Vultan answers “it’s a pleasant death! LOL!” and that they’ll indeed be radiated until Zarkov invents a new alternative energy source. Dr. Zarkov does eventually discover a new force of physics to beam the city aloft. He turns on the new beam, powered by an unexplained new infinite force, just in the nick of time, right after Flash Gordon + super-bros explode the atom furnace. No word on what happened with the deadly radioactive fallout from all that radium goin’ up like a roman candle.
Lots of implications here, lots of subtext…
My last post on radium in fracking wastewater was written in part to lay the groundwork for this post… RADIUM: it’s not just for Marie Curie anymore.
RADIUM: coming to an aquifer near you!
there are some disturbing (mildly disturbing, depending on your perspective) themes, images and subtexts in the Flash Gordon serial… pretty sure that I would want to give younger or more sheltered teens an explainer/guided watching… and most of the more disturbing aspects aren’t about radiation…
I understand that the writers want to set up King Vultan and the hawkmen as formidable opponents, so when they turn to aid Flash Gordon against Ming the Merciless, it is a really high stakes event, Vultan and Flash shaking on a Fire Forged Friendship that really matters. In all Flash Gordon incarnations, Vultan ends up friends with Flash Gordon on an “enemy of my enemy” basis, and in the 1979 animated series Flash goes from forced labor at the atom furnaces to Fire Forged Friends in the course of one episode—view it free on Hulu—and his threatening turn feels more like a Challenge of the Week. But here, King Vultan is closer to a serious villain. Though he has some human moments, like trying to get Dale to eat her roast beast, Vultan electric-tortures, radiates, and almost executes Flash!
And then there’s this…
Thank you for reading! Hope I gave some nutritious food for thought…
The hawkmen continue to echo down the decades, not just in the many subsequent and new Flash Gordon works, but in the DC universe, the Justice League and related content… since the DC Comics heroes Hawkman, Hawkwoman, Hawkgirl, et al were inspired by the Hawkmen in Alex Raymond’s founding Flash Gordon comic strip. Hawkman creator Dennis Neville said that he modeled his Hawkman design on the hawkmen of the sky city on planet Mongo. I feel that the Silver Age Hawkman, Hawkgirl and other Hawk-characters, hailing from crystal spiresque high towers (sky city-like) on the distant planet Thanagar, are an even more direct homage to the old Raymond comic strips.
Tropes in Flash Gordon serial – TVtropes.org – listing some of the cultural tropes invented or employed by the Flash Gordon serial
Know Thy History: Flash Gordon – from the excellent comics review blog The Webcomic Overlook
Tip of the hat to the wondiferous disability-in-moving-pictures blogger spaaaaaaaaaaaaaaaaaaaaaaaaaaaaaaacecrip for inspiring me to blog about film again.
1. Especially during the War with Imperial Japan, racist depictions of Asians hit an all-time low.
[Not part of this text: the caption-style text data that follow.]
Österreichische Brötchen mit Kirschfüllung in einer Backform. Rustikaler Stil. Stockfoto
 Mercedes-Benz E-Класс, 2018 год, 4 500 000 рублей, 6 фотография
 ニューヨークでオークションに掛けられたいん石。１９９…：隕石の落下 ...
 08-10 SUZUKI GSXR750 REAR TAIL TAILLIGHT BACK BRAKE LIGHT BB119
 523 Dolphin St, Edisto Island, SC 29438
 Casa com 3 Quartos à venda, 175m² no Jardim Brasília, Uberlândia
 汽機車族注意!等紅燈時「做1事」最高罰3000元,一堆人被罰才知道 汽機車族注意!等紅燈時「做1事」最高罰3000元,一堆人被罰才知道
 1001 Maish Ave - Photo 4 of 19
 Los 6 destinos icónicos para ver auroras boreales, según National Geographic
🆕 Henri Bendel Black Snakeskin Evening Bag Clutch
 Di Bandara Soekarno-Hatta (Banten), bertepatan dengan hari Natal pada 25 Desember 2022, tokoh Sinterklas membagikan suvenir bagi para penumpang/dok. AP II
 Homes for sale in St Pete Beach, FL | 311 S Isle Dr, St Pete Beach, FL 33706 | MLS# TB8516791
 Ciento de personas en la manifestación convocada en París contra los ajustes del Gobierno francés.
In the original Batman serial (1943) they refer to Japanese internment as “…the wise government rounded up the shifty-eyed japs” (view on youtube). Though the concept of internment is inadvertently revealed as failed and ineffective moments later, when the evil genius and supervillain Dr. Daka, Hirohito’s baddest agent, is introduced as the antagonist, conspicuously non-imprisoned and unfettered in his evil-doing. I hate the sugarcoating and outright omitting of the ugly moments of our history, and I want my descriptions of the past to feel near as close to the real and biting reality of the people who lived it as possible in blag format.
2. Princess Aura is one badass woman, probably ahead of her time, but she is also really complicated. She can evil-rescue Flash, seem the heroine one moment, seem villainess the next… In the animated series, done by the He-Man producers, she’s largely a copy/paste of their She-ra animations, but is more the Action Girl than in the old serial, where she’s daddy’s little villainess exemplified, but villainess wanting the hero always applies…
3. something akin to a fifth force of nature may still be possible, if physicists can figure out dark energy/matter.